Projects

Ocean Microbiomics Database
Collaboration with Sunagawa Lab. Provided k-mer based sequence search and Counting de Bruijn graph indexes for the Genome Collection of the Ocean Microbiomics Database. Other contributors: Lucas Paoli, Harun Mustafa, Andre Kahles. (Published in Nature).
MetaGraph
A C++ framework library for indexing very large collections of DNA/Protein sequences and a tool for sequence search, alignment, and assembly. Although the target use cases of MetaGraph overlap with BLAST, MetaGraph mainly focuses on the scalable indexing of raw sequencing data in annotated de Bruijn graphs with up to $\sim 10^{12}$ nodes and $\sim 10^{7}$ annotation labels. It also provides an online platform MetaGraph Online. Other contributors: Marc Zimmermann, Thomas Zhou, the MetaGraph team.
GeoDNA
A portal for sequence search and geographical positioning based on the metagenomic MetaSUB data. The initial prototype was set up on a weekend but it served well and was also used as a base for the MetaGraph Search platform. Other contributors: Marc Zimmermann, Jiayu Chen, André Kahles, Thomas Zhou. (Published in Cell).

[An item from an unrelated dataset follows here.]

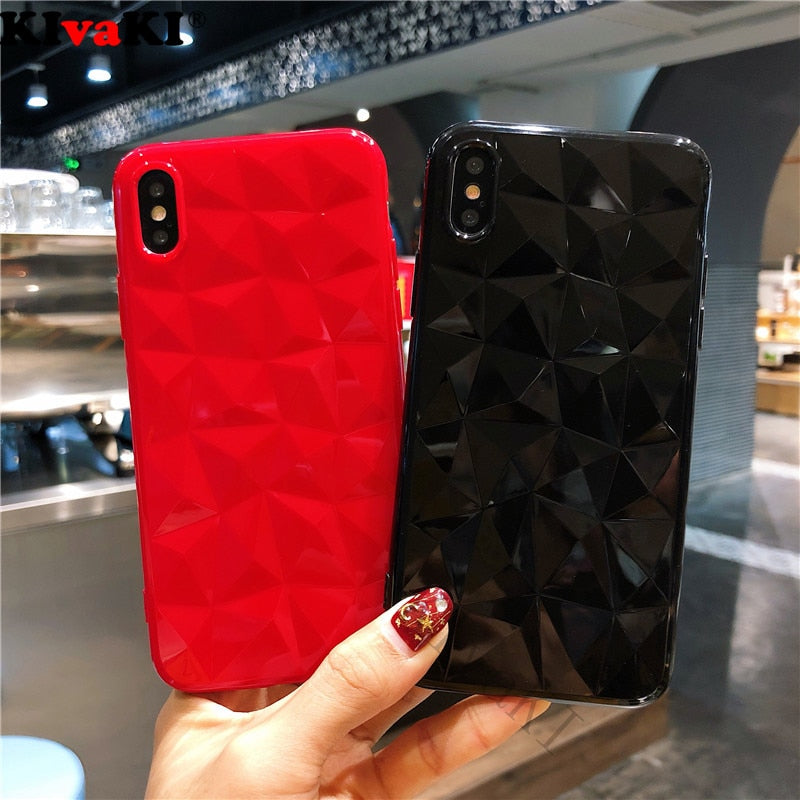 3D Diamond Texture Case For iPhone 6 6s 7 8 Plus X XR XS max Soft Phone Cover for iPhone 7 Transparent Case Ultra Thin Coque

De Bruijn Graph Visualizer
A small web app visualizing de Bruijn graphs and the BOSS table (Bowe et al.). Written for educational purposes to interactively illustrate the core data structure used for graph representation in MetaGraph.
Sentiment Analysis
A small demo for sentiment analysis of reviews on Russian banks (one of those quick hands-on projects I did when studied at YSDA).
After a night of “bombarding” banki.ru with random web scraping requests, our dorm network got banned by IP. Fortunately, the 5k successfully scraped reviews were enough to complete the project. However, my roommates and I had been reminded about this every time we had to use a VPN to check reviews on banks since then.